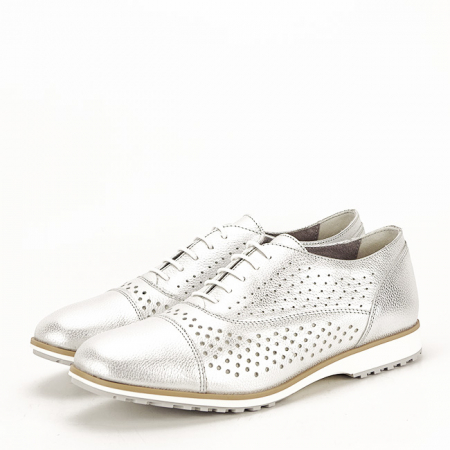 Pantofi oxford din piele naturala argintiu Magda 01 [1]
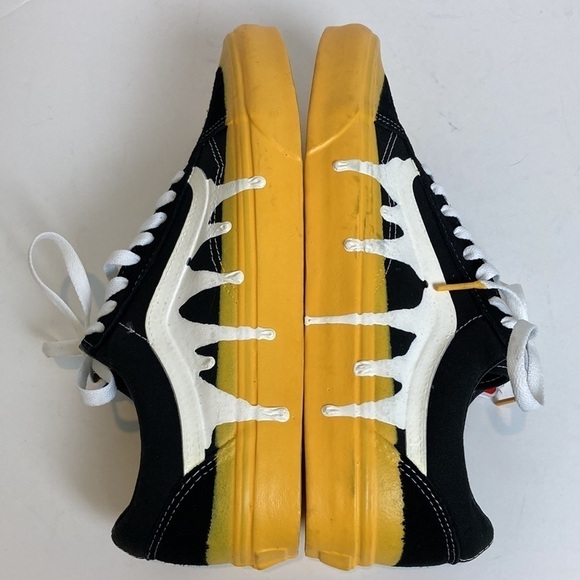 VANS NWT Drip Black Yellow White Men’s 10.5 Streetwear Custom Sneakers Skater - Picture 4 of 16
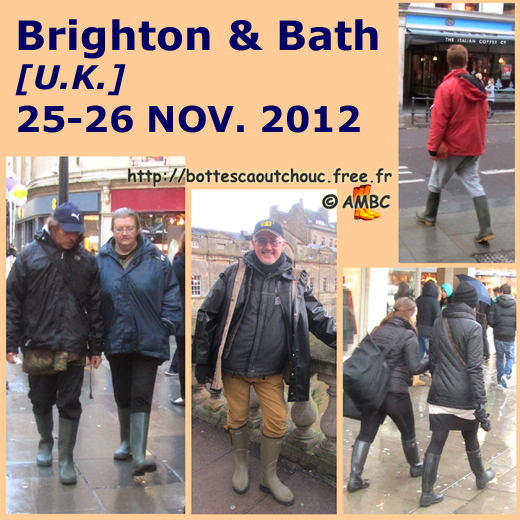 Rubberbooted guys in Brighton & Bath streets [UK] ! Gummistiefel, stivali di gomma, botas de goma 2012.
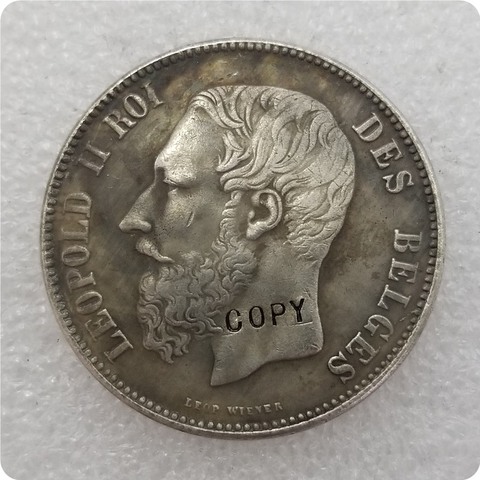 1866 Belgium 5 Francs Coin KM#24 COPY commemorative coins-replica coins medal coins collectibles ► Photo 1/4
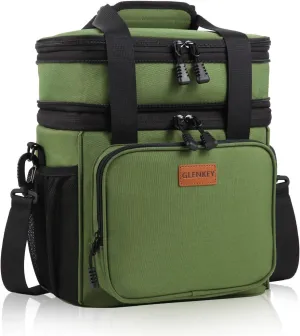 Expandable XLarge Lunch Box, Insulated Heavy Duty Lunch Bag Waterproof Leakproof Durable Cooler Bag for Men Women Adults Work Construction Camping Trip, 22L, Army Green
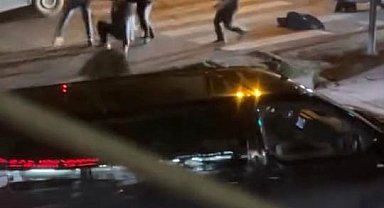 Kavga esnasında yola savrulan çocuk yürekleri ağza getirdi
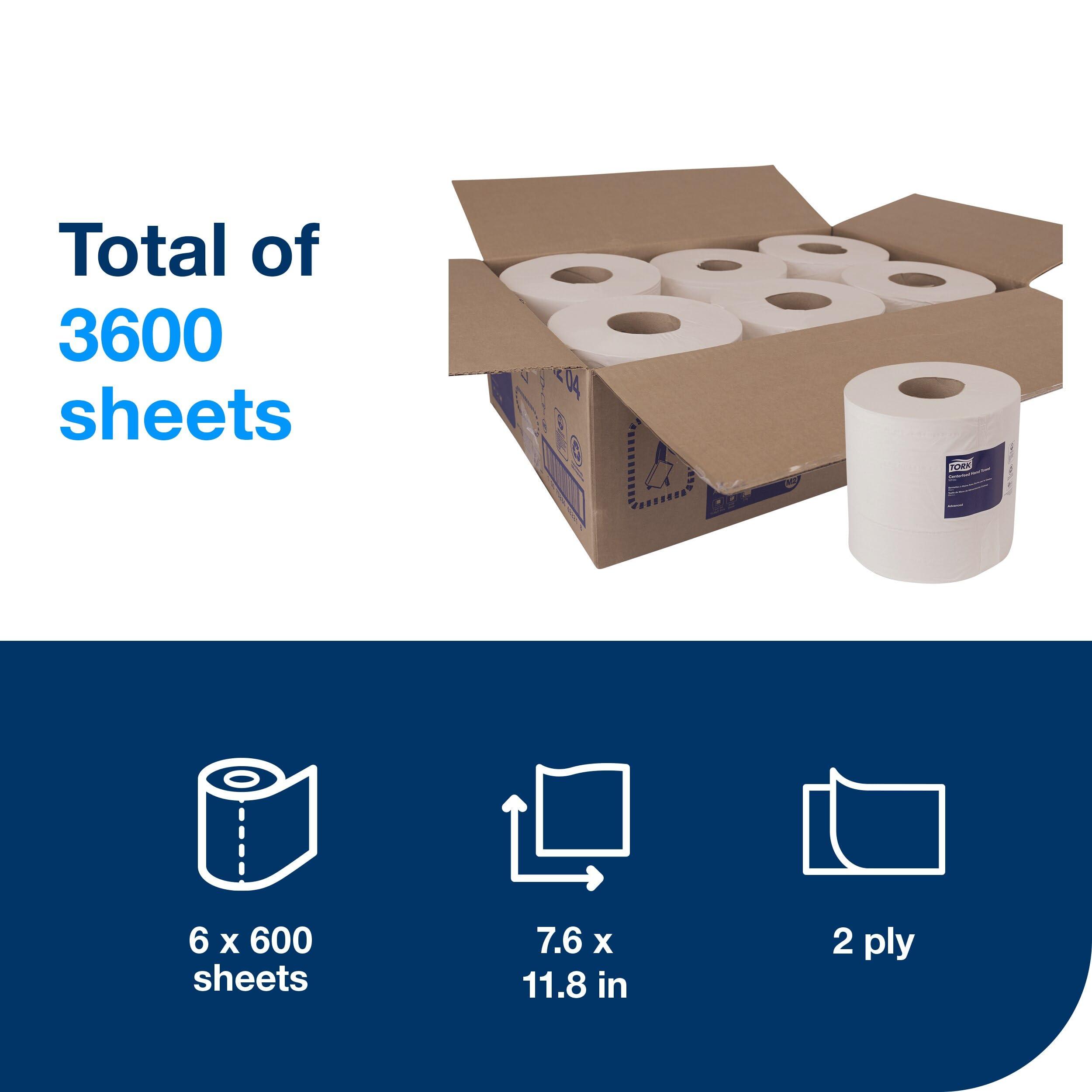 Tork Soft Centerfeed Hand Towel White M2, High Absorbency, 6 x 600 Sheets, 121204 - Image 2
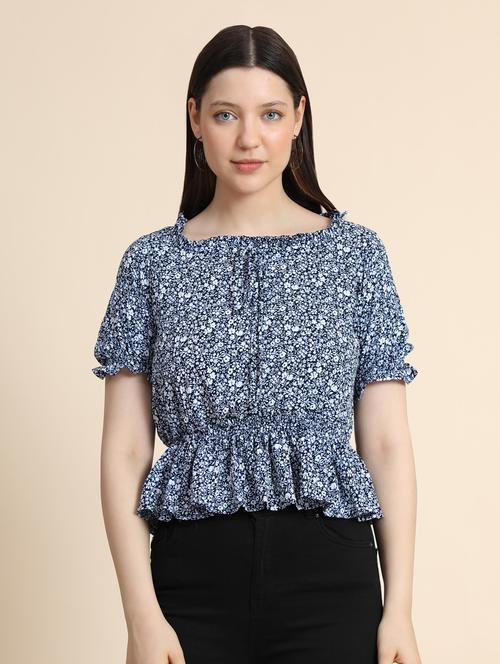 women's blouson round neck top - 19257704 - Standard Image - 0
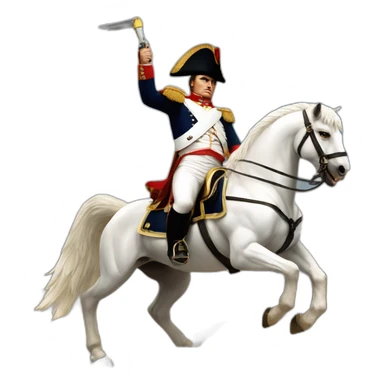 serious angry napoleon on white horse hold a golden eagle sticker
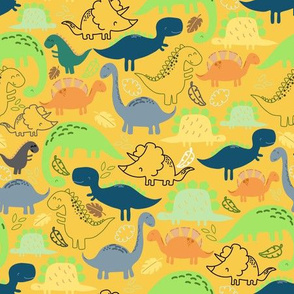 Dinosaur doodle yellow background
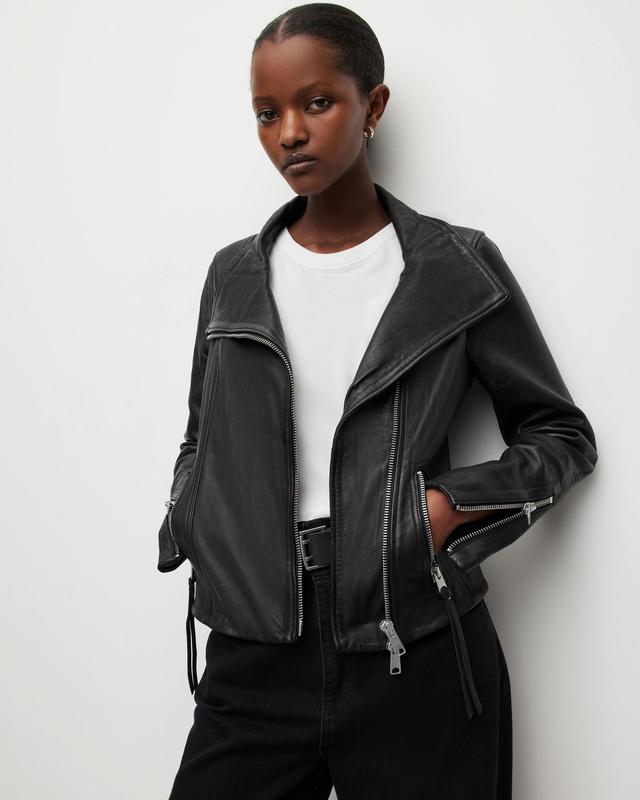 Ellis Funnel Neck Leather Biker Jacket Product Image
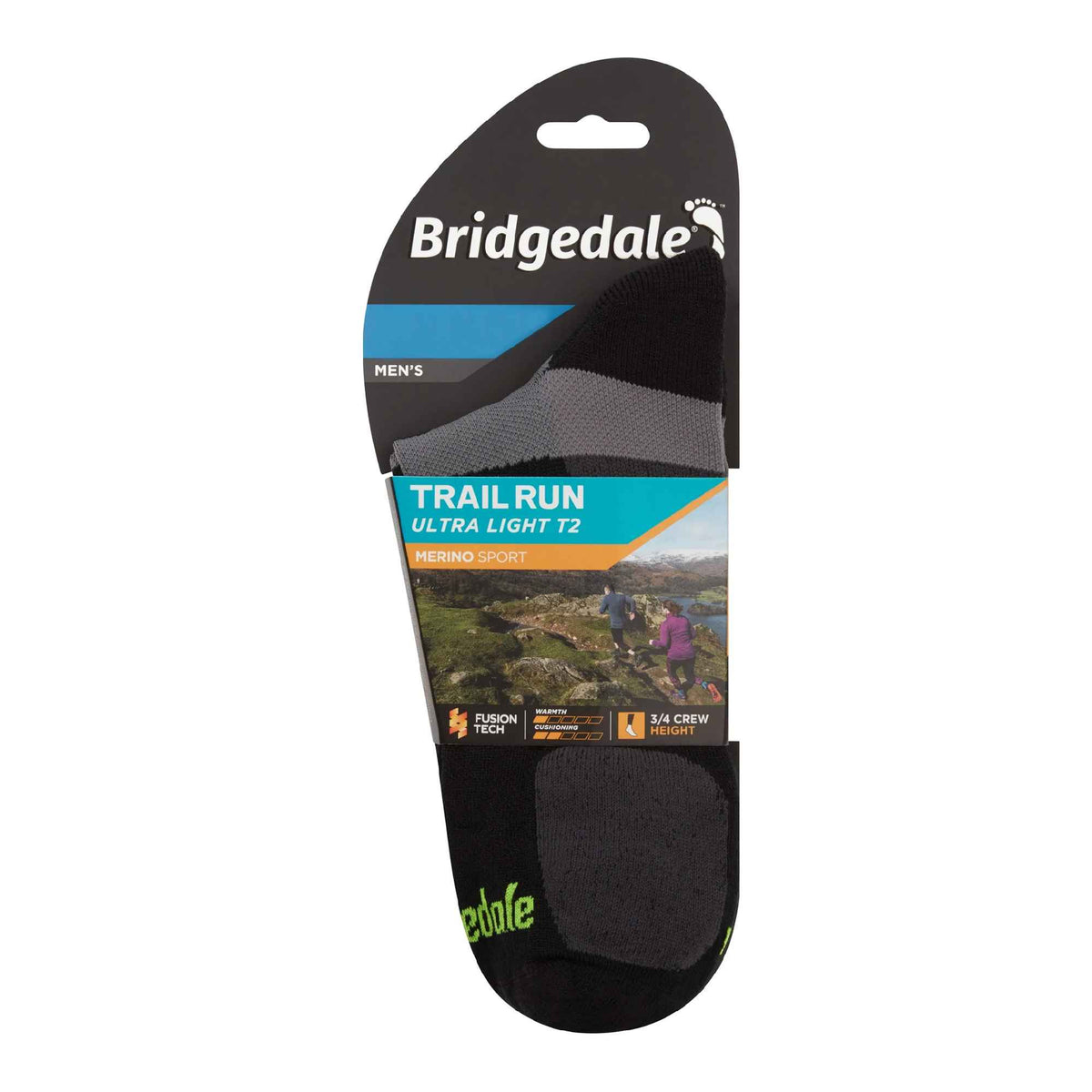 Bridgedale men's trail run T2 merino sport socks, black 3/4 crew pack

++++++++++

About this task: Write the lines from the one containing "women's blouson round" through the end of the data above exactly as they appear, and do not carry over any picture.

Output for this exercise:
 women's blouson round neck top - 19257704 - Standard Image - 0
 serious angry napoleon on white horse hold a golden eagle sticker
 Dinosaur doodle yellow background
 Ellis Funnel Neck Leather Biker Jacket Product Image
 Bridgedale men's trail run T2 merino sport socks, black 3/4 crew pack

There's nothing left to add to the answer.